**Data in this exercise**

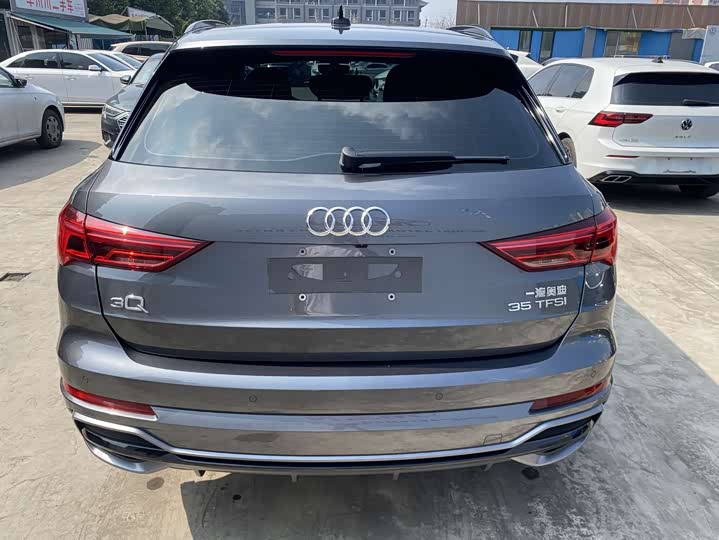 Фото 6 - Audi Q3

--

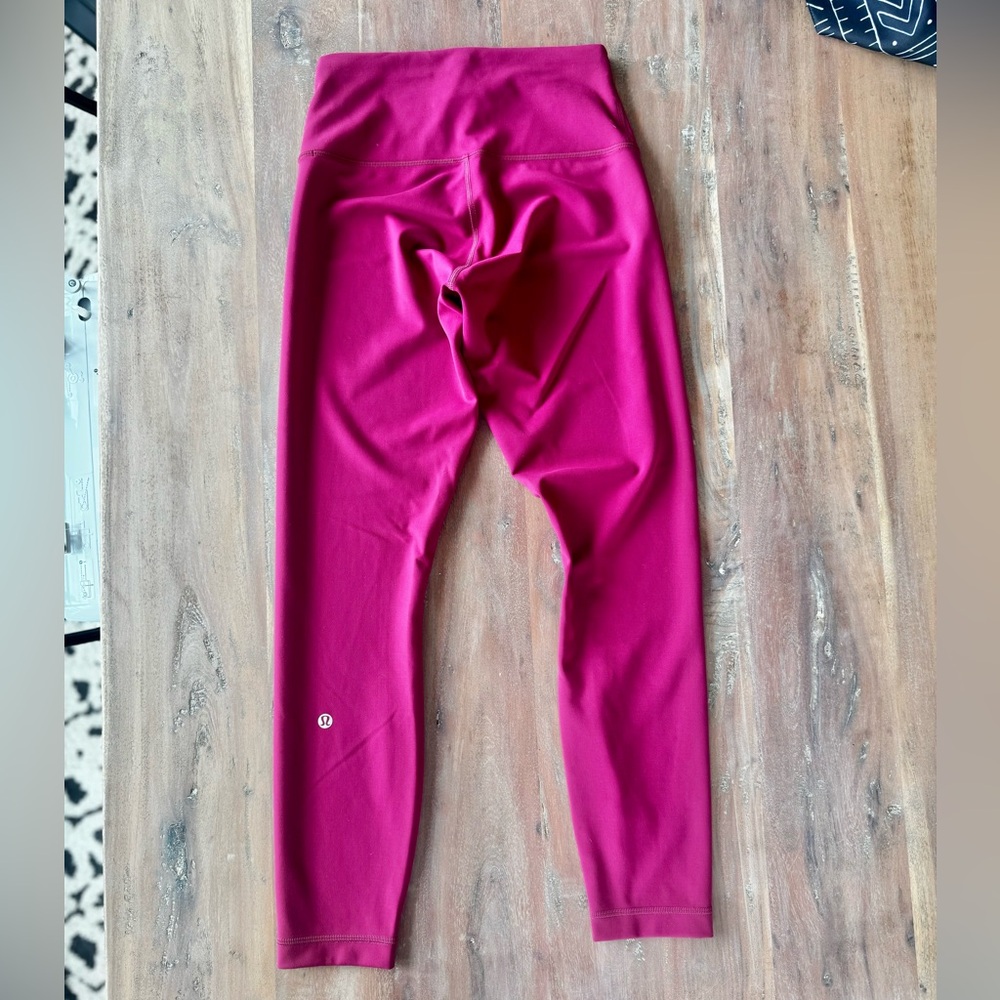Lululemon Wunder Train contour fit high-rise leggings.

* * *

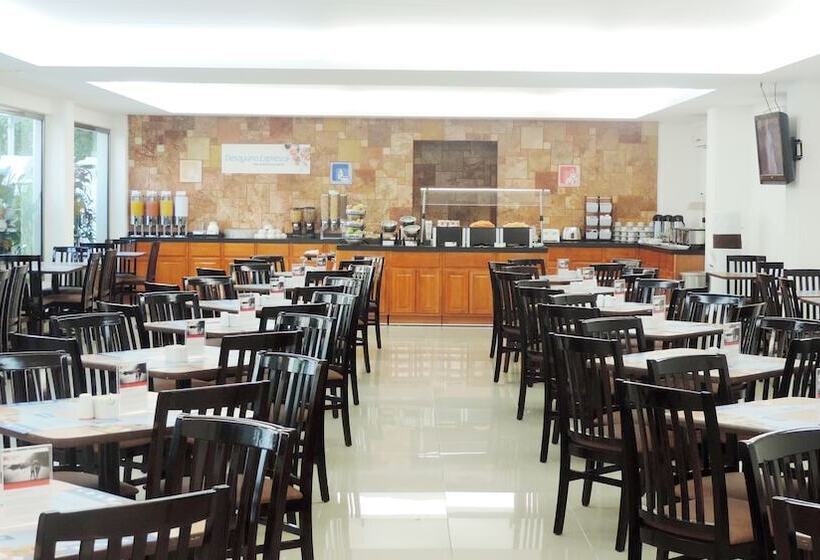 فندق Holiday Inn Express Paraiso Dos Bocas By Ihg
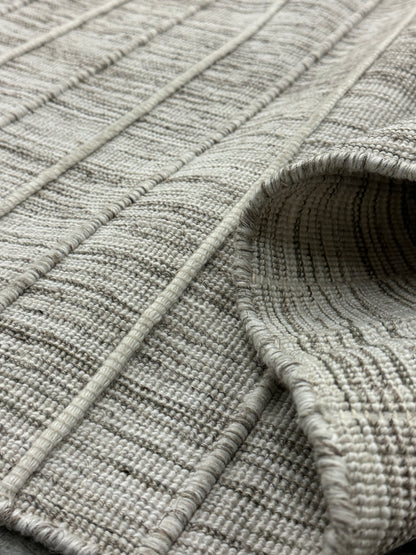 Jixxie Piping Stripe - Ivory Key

**Directions**
Skipping every picture, transcribe exactly the lines above from the one containing "فندق Holiday Inn" through the one containing "Jixxie Piping Stripe - Ivory Key", both included.

**Written response**
 فندق Holiday Inn Express Paraiso Dos Bocas By Ihg
 Jixxie Piping Stripe - Ivory Key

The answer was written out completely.